Although inorganic arsenate (iAsV) and arsenite (iAsIII) are metabolized in liver and excreted into bile and urine, the metabolites in the bile after the oral intake of iAs remain unclear. Male Sprague-Dawley rats were orally (po) or intravenously (iv) exposed to iAs and methylated arsenics, and the arsenic speciation in the urine and bile was analyzed by high performance liquid chromatography-inductively coupled argon plasma mass spectrometry. Arsenic caused induction of multidrug resistance-associated protein 2 (MRP2), and changes of glutathione (GSH) levels in the liver and bile were also determined. The metabolic speciation studies revealed that arsenic was excreted into bile in the methylarsenic-diglutathione (MADG) and/or dimethylarsenic acid (DMAV) forms in iAsIII- or iAsV-po rats, but that MADG and arsenic-triglutathione (ATG) are the main forms excreted into bile both in iAsIII- and iAsV-iv rats. In MADG-po rats, the MADG was excreted into bile in the MADG and DMAV forms. Monomethylarsonic acid (MMAV)- and DMAV-iv rats did not excrete significant amounts of either MMAV or DMAV into bile and mostly excreted into urine in the unchanged chemical forms.

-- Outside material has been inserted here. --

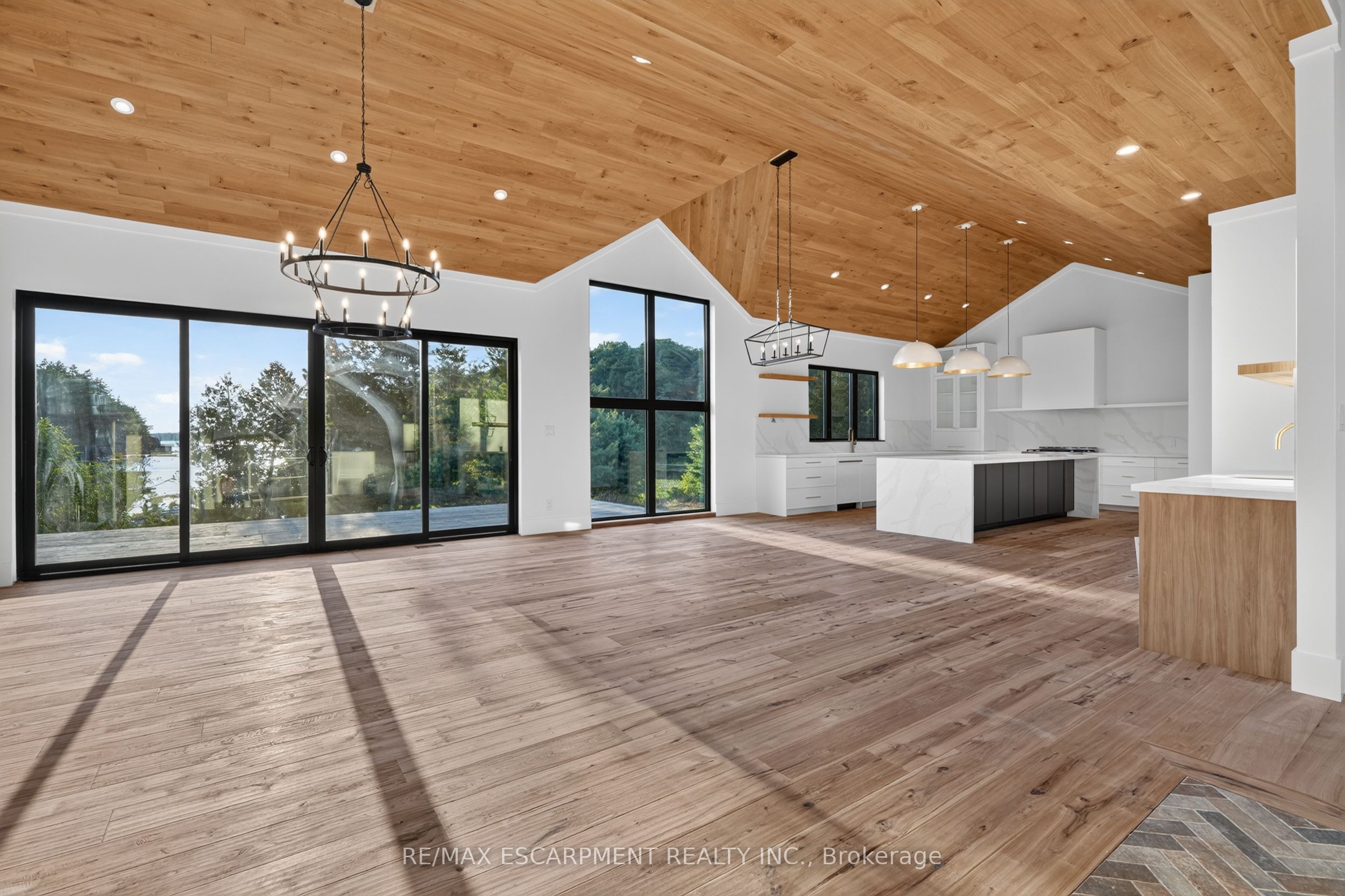 1641 Brackenrig Road Property Photo 8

Taken together, the DMAV detected in the bile is mostly supposed to be the dissociation of dimethylarsenic-glutathione (DMAG). Urinary arsenic speciation showed that arsenic metabolized to 43% methylated DMAV, 47% unmethylated iAsIII, and 10% iAsV in iAsIII-iv rats, whereas only 3% methylated DMAV, 87% unmethylated iAsV, and 10% iAsIII were detected in iAsV-iv rats. Arsenic was accumulated dose dependently, and arsenic concentration was significantly higher in the iAsIII-po rat liver than in the iAsV-po rat liver. GSH levels in the bile were decreased by relatively higher doses of iAsV-po, but significantly increased by iAsIII- or iAsV-iv. iAs-exposure increased the expression of MRP2 in the liver. Pretreatment with buthionine sulfoximine predominantly inhibited arsenic excretion into bile in iAs-iv rats. In conclusion, our data demonstrated that biliary and urinary arsenic excretion and speciation are affected by the route, dose, and chemical forms of arsenical administration, and GSH plays a key role in arsenic metabolism. We are also first to show that DMAV that probably originated from DMAG is excreted into the bile in iAs-po rats.